[EXERCISE INPUT — start]

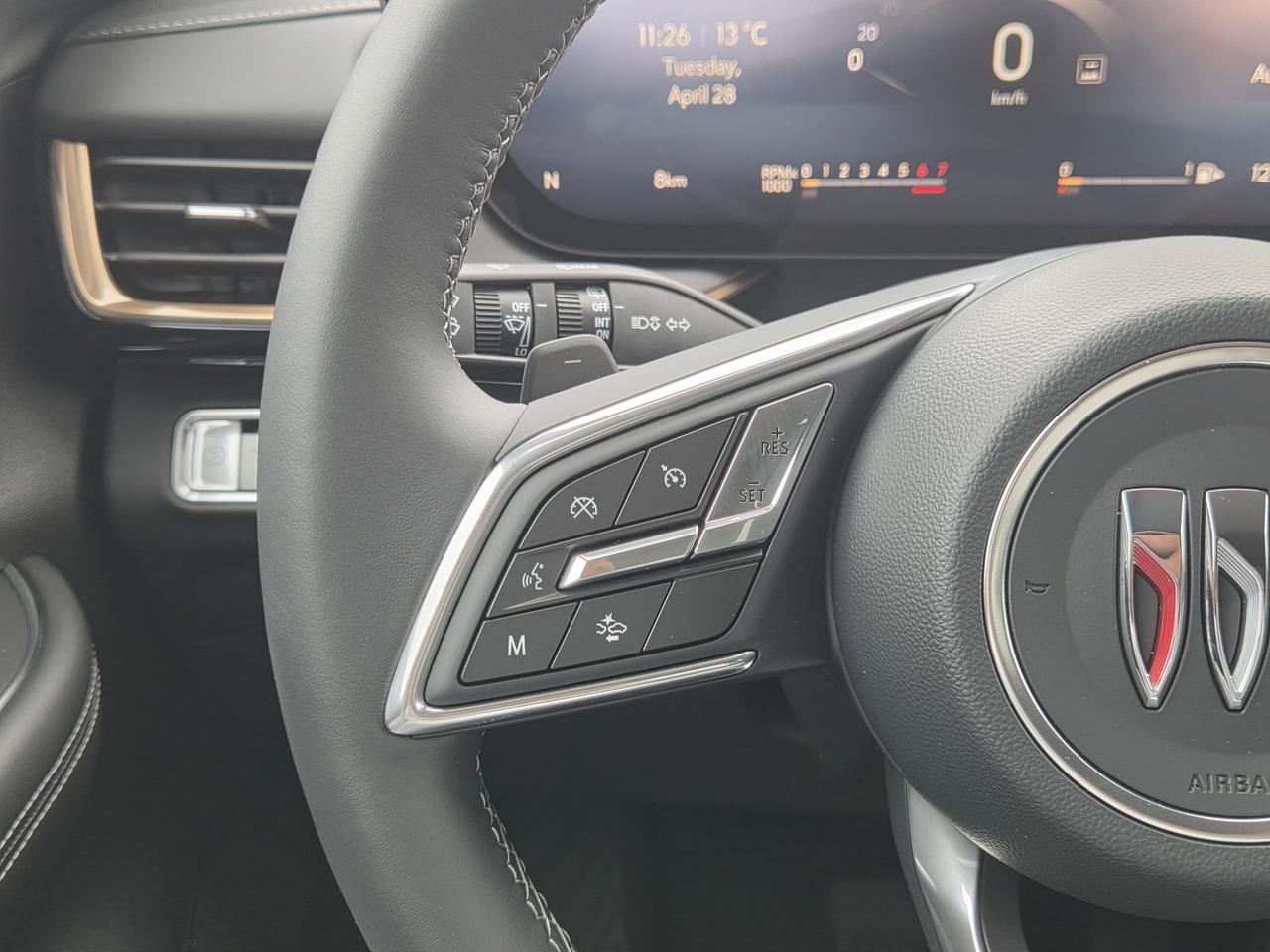 2026 Buick Envision Avenir Photo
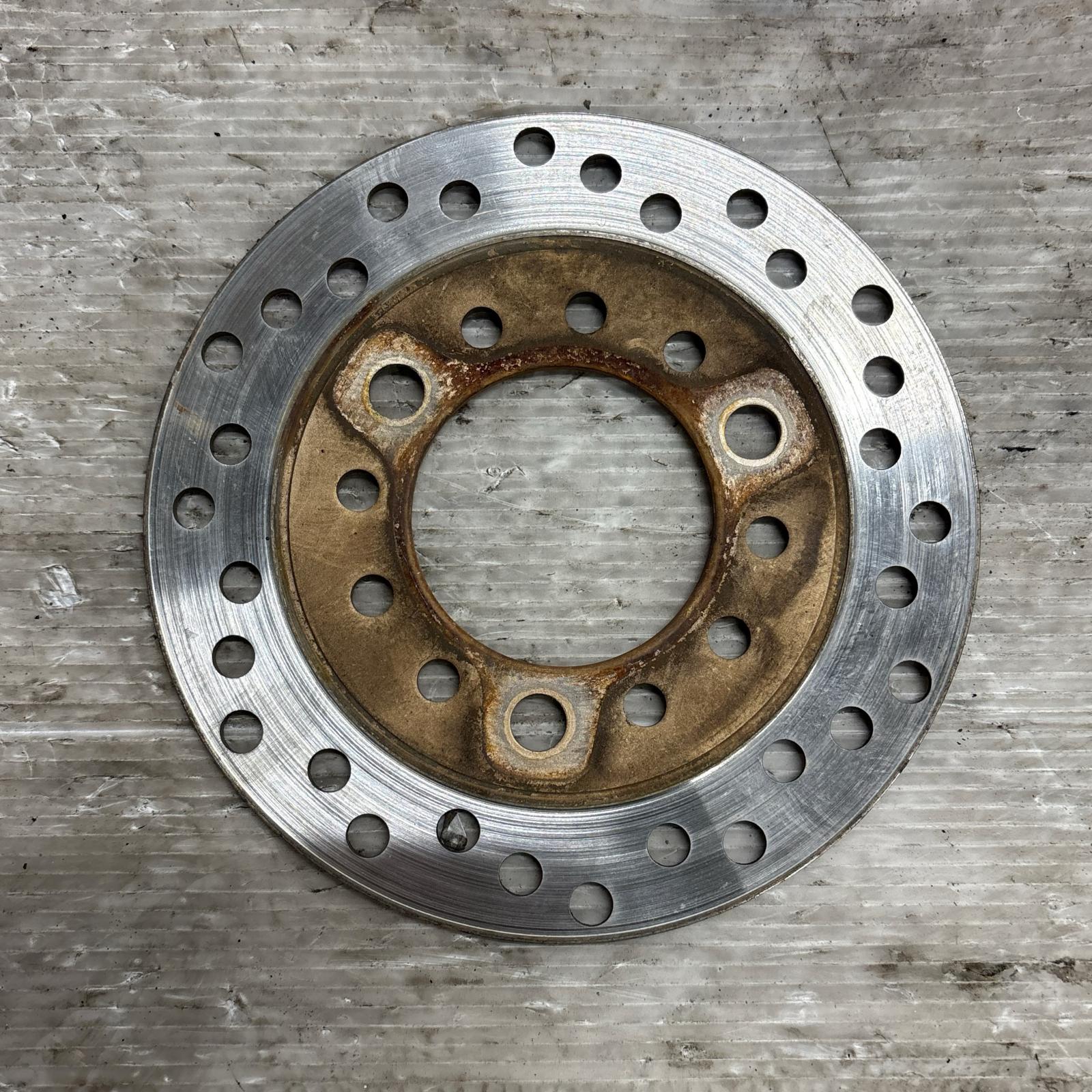 楽天市場】純正互換 新品 ブレーキディスクローター/スーパーDIO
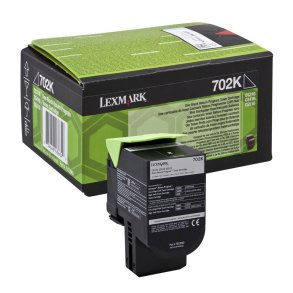Lexmark CS310/410/510 Sort toner 1.000 sider original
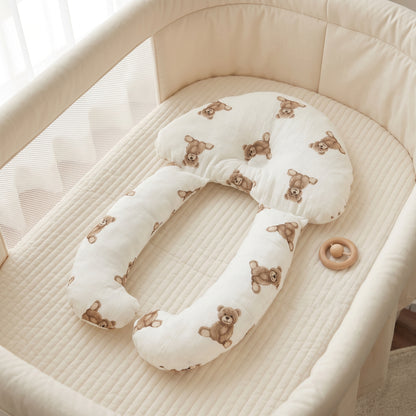 Little Manta Calm Head Shaping Pillow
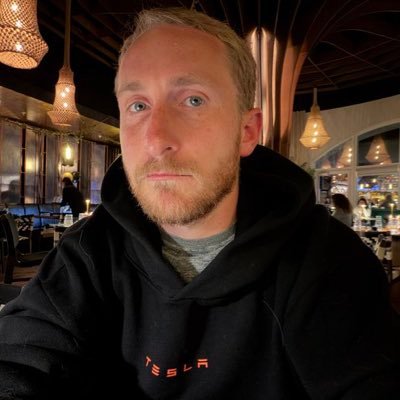 brucejenkins00's profile picture. Patriotic American! Autopilot and AI Software engineer at TESLA Gigafactory 🚀 🇺🇲 You have to believe in yourself when no one else does. CYBERTRUCK Owner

[EXERCISE INPUT — finish]

### TASK REQUIREMENTS
For every entry, return its exact wording and leave out any image.

### EXPECTED ANSWER
 2026 Buick Envision Avenir Photo
 楽天市場】純正互換 新品 ブレーキディスクローター/スーパーDIO
Lexmark CS310/410/510 Sort toner 1.000 sider original
 Little Manta Calm Head Shaping Pillow
 brucejenkins00's profile picture. Patriotic American! Autopilot and AI Software engineer at TESLA Gigafactory 🚀 🇺🇲 You have to believe in yourself when no one else does. CYBERTRUCK Owner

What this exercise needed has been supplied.